Build a Pinhole Camera
As you’ve probably heard, watching the sun during a solar eclipse is as dangerous as watching the sun without the solar eclipse. Meaning, DON’T DO IT. Kids can’t look directly at the sun but they can create a pinhole camera to look at a reflection of the sun on a harmless piece of white paper. Here are two fun crafts to create your own solar eclipse viewing camera:
- Life’s Little Mysteries How To Build a Shoebox Pinhole Camera – a 2-minute instructional that’s simple and uses only a shoebox, foil, white paper, tape, a pin and an xacto knife.
- The Exploratorium’s Make a Pinhole Projector – same idea as the shoebox except using one of those long UPS shipping tubes.

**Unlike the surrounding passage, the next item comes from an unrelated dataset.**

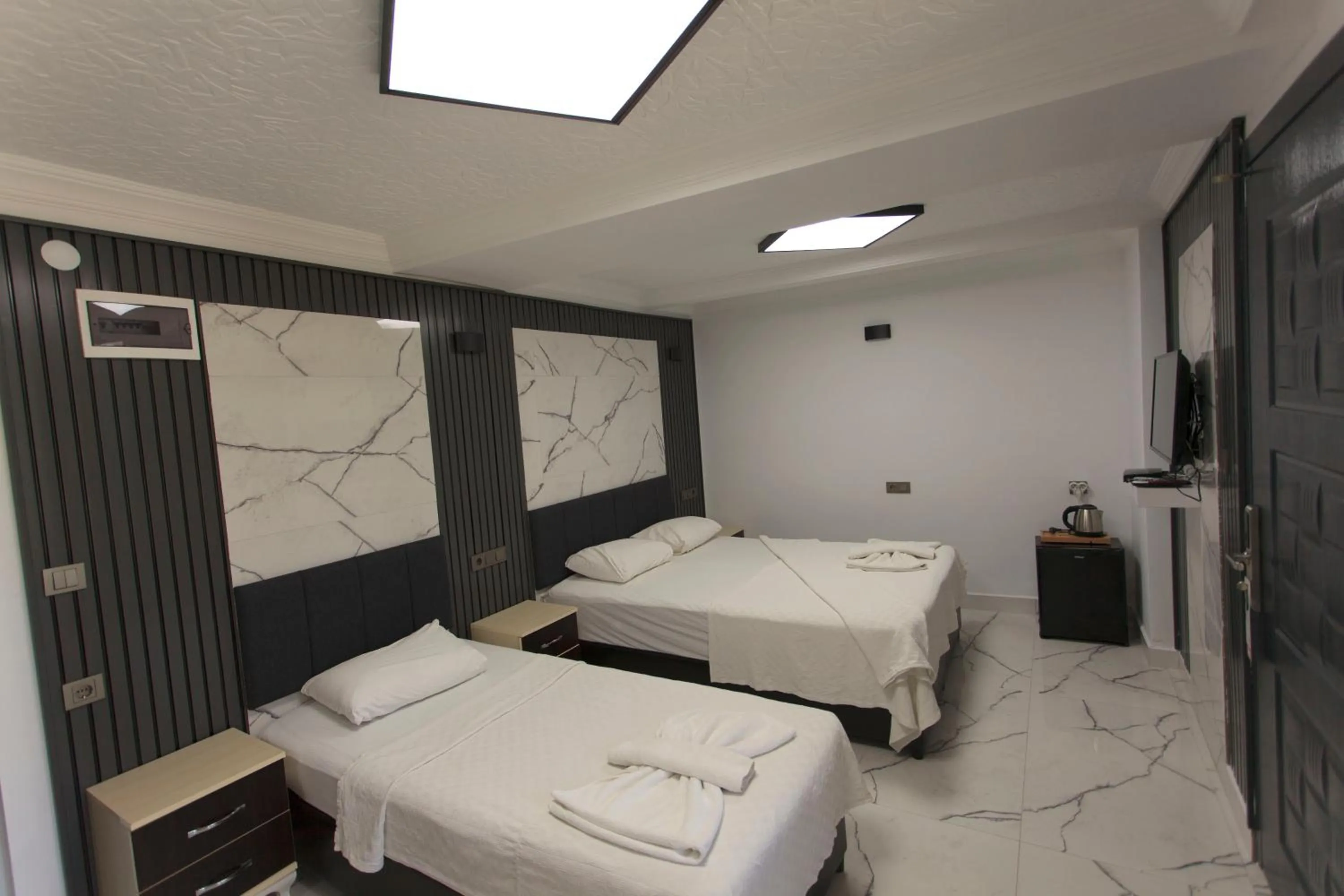 Bedroom, Bed in Green Peace Hotel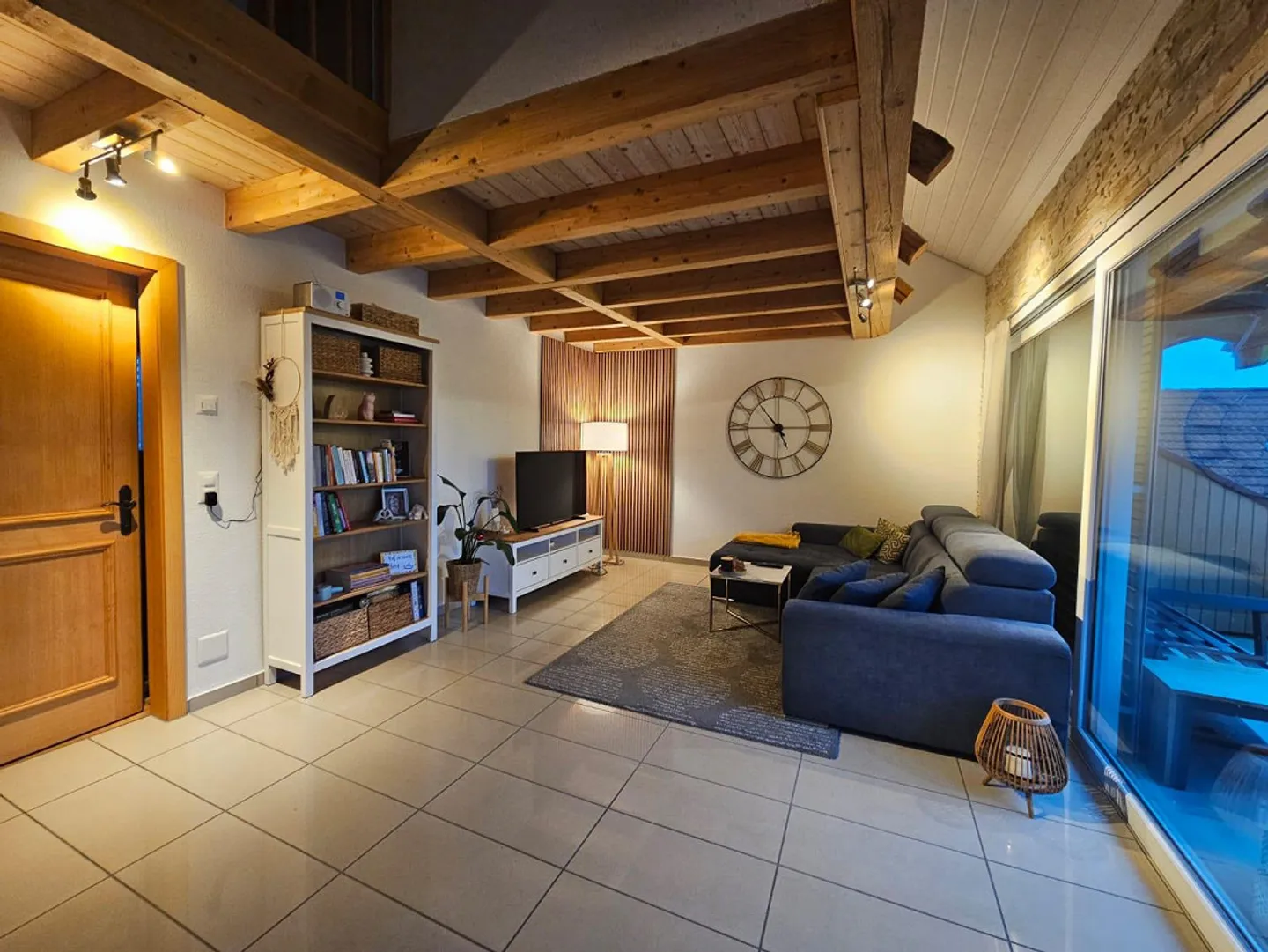 3.5 Room Apartment - Photo 2 of 6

The longer the tube, the bigger the sun image your child will be looking at!
- Failing shoeboxes or shipping tubes, you can overlap your hands with fingers at right angles and look at the shadow on a piece of white paper. The holes between the fingers are pinholes.
Create a Solar Eclipse Family Movie
According to Space on msnbc.com, here are the steps for optimal solar eclipse photography and future bragging rights. These guys are pros so you’ll have to tailor the advice to your photo equipment and capabilities.
What I suggest goes beyond the photo session. Once you have a bunch of solar eclipse photographs, you can stitch the shots together to create a video of the experience and have your child narrate what it was like. For narrated slideshows, you can use Windows Movie Maker or Fotobabble. If you prefer a music video, check out Animoto and use the Star Wars themes if they have them!
Now if you have any brilliant ideas, please add them in the comments. I’d love to hear how other parents get their kids interested in astronomy.